TASK PROMPT. Write out again only the lines running from the one that contains "New Year 2024." to the end of the records below, including both the first and the last.

RECORDS FOR THE TASK.

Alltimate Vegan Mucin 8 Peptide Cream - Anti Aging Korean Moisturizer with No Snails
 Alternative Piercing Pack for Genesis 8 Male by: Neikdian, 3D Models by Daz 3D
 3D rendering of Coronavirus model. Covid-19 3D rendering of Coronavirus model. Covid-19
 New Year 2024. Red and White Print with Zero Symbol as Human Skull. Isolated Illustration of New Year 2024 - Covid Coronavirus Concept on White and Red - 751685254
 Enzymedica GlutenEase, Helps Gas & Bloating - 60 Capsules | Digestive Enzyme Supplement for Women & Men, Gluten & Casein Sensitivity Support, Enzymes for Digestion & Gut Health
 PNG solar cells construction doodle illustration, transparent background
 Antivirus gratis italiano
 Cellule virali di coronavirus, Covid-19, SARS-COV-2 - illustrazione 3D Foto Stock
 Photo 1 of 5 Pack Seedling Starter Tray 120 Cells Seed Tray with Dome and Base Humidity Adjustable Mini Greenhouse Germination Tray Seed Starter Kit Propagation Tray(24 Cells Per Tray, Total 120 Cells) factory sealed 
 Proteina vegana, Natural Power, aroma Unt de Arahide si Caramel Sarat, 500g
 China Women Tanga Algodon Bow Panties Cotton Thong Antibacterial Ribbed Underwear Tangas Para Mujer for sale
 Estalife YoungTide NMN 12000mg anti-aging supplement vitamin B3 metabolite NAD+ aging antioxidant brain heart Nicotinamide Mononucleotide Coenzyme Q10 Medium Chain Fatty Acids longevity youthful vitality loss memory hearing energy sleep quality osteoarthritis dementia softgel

RESULT FOR THIS EXERCISE.
 New Year 2024. Red and White Print with Zero Symbol as Human Skull. Isolated Illustration of New Year 2024 - Covid Coronavirus Concept on White and Red - 751685254
 Enzymedica GlutenEase, Helps Gas & Bloating - 60 Capsules | Digestive Enzyme Supplement for Women & Men, Gluten & Casein Sensitivity Support, Enzymes for Digestion & Gut Health
 PNG solar cells construction doodle illustration, transparent background
 Antivirus gratis italiano
 Cellule virali di coronavirus, Covid-19, SARS-COV-2 - illustrazione 3D Foto Stock
 Photo 1 of 5 Pack Seedling Starter Tray 120 Cells Seed Tray with Dome and Base Humidity Adjustable Mini Greenhouse Germination Tray Seed Starter Kit Propagation Tray(24 Cells Per Tray, Total 120 Cells) factory sealed 
 Proteina vegana, Natural Power, aroma Unt de Arahide si Caramel Sarat, 500g
 China Women Tanga Algodon Bow Panties Cotton Thong Antibacterial Ribbed Underwear Tangas Para Mujer for sale
 Estalife YoungTide NMN 12000mg anti-aging supplement vitamin B3 metabolite NAD+ aging antioxidant brain heart Nicotinamide Mononucleotide Coenzyme Q10 Medium Chain Fatty Acids longevity youthful vitality loss memory hearing energy sleep quality osteoarthritis dementia softgel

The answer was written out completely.